Temer sabe da importância do PMDB e de sua atuação para a
governabilidade do País, seja como vice-presidente, como substituto de Dilma se
vier o impeachment ou como aliado de um novo presidente caso tanto Dilma como
ele venham a ser afastados do poder em razão de falcatruas nas contas
eleitorais do PT. Como vice, não abre mão da lealdade, ocupa espaço na
articulação política do governo e vem trabalhando de uma maneira que o
credencia, caso necessário, a ocupar o poder sem que o País mergulhe em uma
crise institucional. Temer navega com facilidade pelas mais variadas legendas e
setores da sociedade. E quanto mais a Lava Jato agrava a crise política, mais
aumenta a importância do vice. Não é à toa que nos últimos meses o Palácio do
Jaburu, sede da Vice-Presidência da República tem se transformado em destino
principal de diversas romarias. Cansados das negativas, indiferença e rispidez
da presidente Dilma Rousseff, parlamentares da base, governadores, ministros
petistas, representantes de associações empresariais e sindicais, militares de
alta patente, presidentes de órgãos do Judiciário e, até mesmo, integrantes da
oposição buscam o gabinete de Michel Temer para suprir a falta de diálogo da
Presidência. Somente nas duas primeiras semanas de julho, Temer recebeu 77
parlamentares, acomodados nos intervalos das agendas com governadores,
empresários e representantes do Judiciário. A muitos deles, o vice tem dito
que, caso o governo se inviabilize politicamente, não será ao lado de Cunha e
Renan que ele buscará a recomposição nacional.
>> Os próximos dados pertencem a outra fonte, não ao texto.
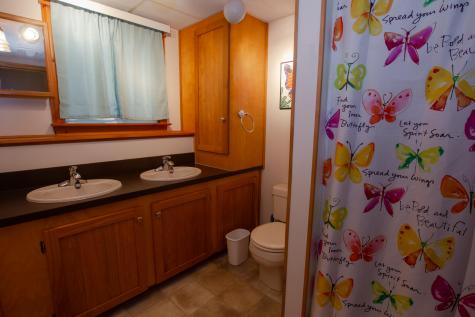85 Glendale Avenue Auburn ME 04210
Ele pretende aglutinar quadros
como o ex-senador Pedro Simon, os ex-ministros do STF Carlos Ayres Brito e
Joaquim Barbosa, e o empresário Josué Gomes, filho do ex-vice-presidente José
Alencar. “Em nenhum instante ele fala em impeachment, mas deixa muito claro que
caso venha a governar, seja agora ou em 2018, pretende fazer um governo que não
fique refém de Cunha ou de Renan”, disse na manhã da quinta-feira 23 um dos
interlocutores do vice-presidente.
Enquanto tenta promover a articulação política do governo,
na condição de principal líder do PMDB, Temer trabalha para apresentar ao País
uma nova alternativa de poder, uma vez que já anunciou que a legenda pretende
ter candidato próprio em 2018. Sob seu comando, o programa nacional do partido
que vai ao ar em cadeia de rádio e tevê no dia 28 de setembro irá repetir o
slogan “não são as estrelas que me guiam, são as escolhas que vão me levar” e
em seguida dirá: “As escolhas falam por nós”. Na prática, uma espécie de
declaração de independência em relação ao PT. Nada impede, porém, que a
separação, a princípio marcada para 2018, seja antecipada. Outra demonstração
de alternativa real de poder está agendada para o dia 15 de outubro, com o
primeiro Congresso Nacional do Partido, que levará o nome de Congresso
Compromisso. Ali, o PMDB apresentará ao País um novo estatuto e 15 propostas
concretas para o Brasil. Para elaborar esse tipo de carta de intenções, Temer
tem se reunido com empresários, sindicalistas, representantes do agronegócio,
membros do Judiciário e líderes de diversos partidos, inclusive da atual
oposição como o DEM e o PSDB. Emissários do vice-presidente conversam
semanalmente com o senador Aécio Neves (PSDB-MG) e com o ex-presidente Fernando
Henrique Cardoso. Há alguns desses interlocutores Temer já manifestou que o
PMDB deve lançar candidato próprio em 2018, mas que abrirá mão de disputar a
eleição caso venha a ocupar a Presidência em razão de um impeachment de Dilma.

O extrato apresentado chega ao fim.